This site was established in 2012 as place to post occasionally about matters relating to philosophy of epidemiology. It’s recently become more active, prompted by the COVID-19 outbreak, which has given rise to an interest in these topics along with a stream of interesting news and resources. These get shared here, and pushed to Twitter and Facebook at the same time. There are also some longer pieces.
We’re currently building two resources, one around COVID-19 material, the other around teaching philosophy of epidemiology and medicine. There has been a growing need to reorient the philosophy of medicine away from its focus on pharmaceuticals, medicine in and of the West, very narrow debates about the nature of health, and similarly narrow focus on evidence based medicine – all valid concerns, but in need of contextualising within a much broader landscape of different medical traditions, different medical activities aside from the administration of pharmaceuticals (e.g. nursing, epidemiology, anatomy, …), justice, prediction and not merely causation, the value of medicine beyond cure, and ultimately the connection between medicine and “big questions” about life, death and meaning.
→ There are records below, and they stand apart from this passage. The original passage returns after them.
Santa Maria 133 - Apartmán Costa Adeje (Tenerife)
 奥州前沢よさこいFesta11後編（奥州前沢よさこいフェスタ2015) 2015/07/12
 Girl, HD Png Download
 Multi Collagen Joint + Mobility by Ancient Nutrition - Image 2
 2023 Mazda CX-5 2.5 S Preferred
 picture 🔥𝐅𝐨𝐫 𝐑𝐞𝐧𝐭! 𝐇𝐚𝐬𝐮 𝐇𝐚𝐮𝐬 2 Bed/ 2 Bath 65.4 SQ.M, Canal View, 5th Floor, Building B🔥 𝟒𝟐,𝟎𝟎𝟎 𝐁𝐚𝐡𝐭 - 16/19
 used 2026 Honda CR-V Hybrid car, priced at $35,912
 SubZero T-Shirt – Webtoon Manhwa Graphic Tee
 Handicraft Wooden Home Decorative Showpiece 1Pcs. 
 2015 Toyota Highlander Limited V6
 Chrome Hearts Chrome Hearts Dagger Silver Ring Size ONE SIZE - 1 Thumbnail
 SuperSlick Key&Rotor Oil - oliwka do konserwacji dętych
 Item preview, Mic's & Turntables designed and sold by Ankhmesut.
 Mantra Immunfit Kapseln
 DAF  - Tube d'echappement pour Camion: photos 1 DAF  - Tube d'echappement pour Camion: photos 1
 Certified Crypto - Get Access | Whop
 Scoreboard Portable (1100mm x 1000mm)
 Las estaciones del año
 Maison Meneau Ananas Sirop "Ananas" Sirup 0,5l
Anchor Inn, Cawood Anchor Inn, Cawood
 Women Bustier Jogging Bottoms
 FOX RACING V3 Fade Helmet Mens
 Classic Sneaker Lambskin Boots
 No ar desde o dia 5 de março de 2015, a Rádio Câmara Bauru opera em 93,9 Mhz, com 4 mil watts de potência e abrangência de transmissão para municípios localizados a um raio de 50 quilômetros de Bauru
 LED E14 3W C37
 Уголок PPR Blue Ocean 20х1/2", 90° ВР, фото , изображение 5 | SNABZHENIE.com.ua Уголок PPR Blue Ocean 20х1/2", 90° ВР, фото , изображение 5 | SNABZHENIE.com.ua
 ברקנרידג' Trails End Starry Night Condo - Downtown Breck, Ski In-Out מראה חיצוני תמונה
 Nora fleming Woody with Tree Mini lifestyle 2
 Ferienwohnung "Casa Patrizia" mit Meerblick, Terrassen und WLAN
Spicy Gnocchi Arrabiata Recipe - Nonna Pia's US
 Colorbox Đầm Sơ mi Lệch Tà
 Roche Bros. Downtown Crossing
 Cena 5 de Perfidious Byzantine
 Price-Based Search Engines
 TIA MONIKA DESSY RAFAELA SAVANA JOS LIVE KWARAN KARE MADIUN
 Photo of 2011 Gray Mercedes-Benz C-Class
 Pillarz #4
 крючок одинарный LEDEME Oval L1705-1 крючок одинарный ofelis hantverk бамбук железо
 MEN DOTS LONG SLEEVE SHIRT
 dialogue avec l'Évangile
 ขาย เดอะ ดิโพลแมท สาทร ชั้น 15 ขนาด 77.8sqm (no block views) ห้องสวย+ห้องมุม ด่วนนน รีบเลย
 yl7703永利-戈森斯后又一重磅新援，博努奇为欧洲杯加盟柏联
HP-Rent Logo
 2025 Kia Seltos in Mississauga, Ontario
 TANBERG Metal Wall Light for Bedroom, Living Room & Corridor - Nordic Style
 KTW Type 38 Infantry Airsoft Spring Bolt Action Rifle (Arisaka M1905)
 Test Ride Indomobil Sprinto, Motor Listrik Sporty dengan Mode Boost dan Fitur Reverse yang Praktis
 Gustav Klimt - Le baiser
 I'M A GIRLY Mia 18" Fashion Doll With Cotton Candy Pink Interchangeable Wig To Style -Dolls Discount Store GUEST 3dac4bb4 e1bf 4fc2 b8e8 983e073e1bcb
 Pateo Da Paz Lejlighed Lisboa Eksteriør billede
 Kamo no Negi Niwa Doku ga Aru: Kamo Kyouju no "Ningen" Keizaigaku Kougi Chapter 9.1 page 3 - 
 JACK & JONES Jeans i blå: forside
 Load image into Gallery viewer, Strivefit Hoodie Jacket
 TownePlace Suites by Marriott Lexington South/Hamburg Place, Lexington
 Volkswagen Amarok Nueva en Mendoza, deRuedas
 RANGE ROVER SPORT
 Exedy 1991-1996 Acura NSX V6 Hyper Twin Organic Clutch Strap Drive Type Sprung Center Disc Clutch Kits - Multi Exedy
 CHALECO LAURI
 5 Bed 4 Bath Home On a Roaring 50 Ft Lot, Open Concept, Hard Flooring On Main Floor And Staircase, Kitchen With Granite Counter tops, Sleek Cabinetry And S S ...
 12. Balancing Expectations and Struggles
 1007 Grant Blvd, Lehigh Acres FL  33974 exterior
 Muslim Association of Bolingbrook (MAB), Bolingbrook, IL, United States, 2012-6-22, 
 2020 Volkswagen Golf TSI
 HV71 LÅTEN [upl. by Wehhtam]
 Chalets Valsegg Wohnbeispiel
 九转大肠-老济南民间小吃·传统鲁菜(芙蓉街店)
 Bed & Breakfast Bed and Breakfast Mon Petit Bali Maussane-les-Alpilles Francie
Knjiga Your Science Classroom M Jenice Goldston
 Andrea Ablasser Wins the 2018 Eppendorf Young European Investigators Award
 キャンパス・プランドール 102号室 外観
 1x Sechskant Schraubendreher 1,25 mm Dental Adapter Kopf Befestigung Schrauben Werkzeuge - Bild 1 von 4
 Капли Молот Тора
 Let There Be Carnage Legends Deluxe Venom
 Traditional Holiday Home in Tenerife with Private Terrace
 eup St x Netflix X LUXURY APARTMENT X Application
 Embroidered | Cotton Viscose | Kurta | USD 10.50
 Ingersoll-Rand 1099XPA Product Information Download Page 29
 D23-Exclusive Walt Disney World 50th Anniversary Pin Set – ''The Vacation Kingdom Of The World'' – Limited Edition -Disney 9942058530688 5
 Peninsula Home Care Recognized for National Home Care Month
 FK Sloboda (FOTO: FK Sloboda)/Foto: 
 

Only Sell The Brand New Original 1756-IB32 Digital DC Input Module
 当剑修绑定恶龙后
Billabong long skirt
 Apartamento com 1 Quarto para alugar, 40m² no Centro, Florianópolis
COVID-19 is an infectious disease, not a chronic one. Its cause is clear, but its predictability is not. Rather than pharmaceuticals, ventilation is on the front line – the simple mechanical procedure at the heart of ICU, permitting the body to stay alive while getting to grips with the disease itself, which was invented by an ingenious anaesthetist. And when we talk of medical treatment for COVID-19, we are not referring to cure. From the perspective of those interested in thinking about medical science, this is an opportunity to reconfigure what we do and how we do it, and to do so for a good reason. Our collective confusion about disease have never been so starkly displayed, and if philosophers aim to alleviate confusion, there has never been a clearer route to doing so.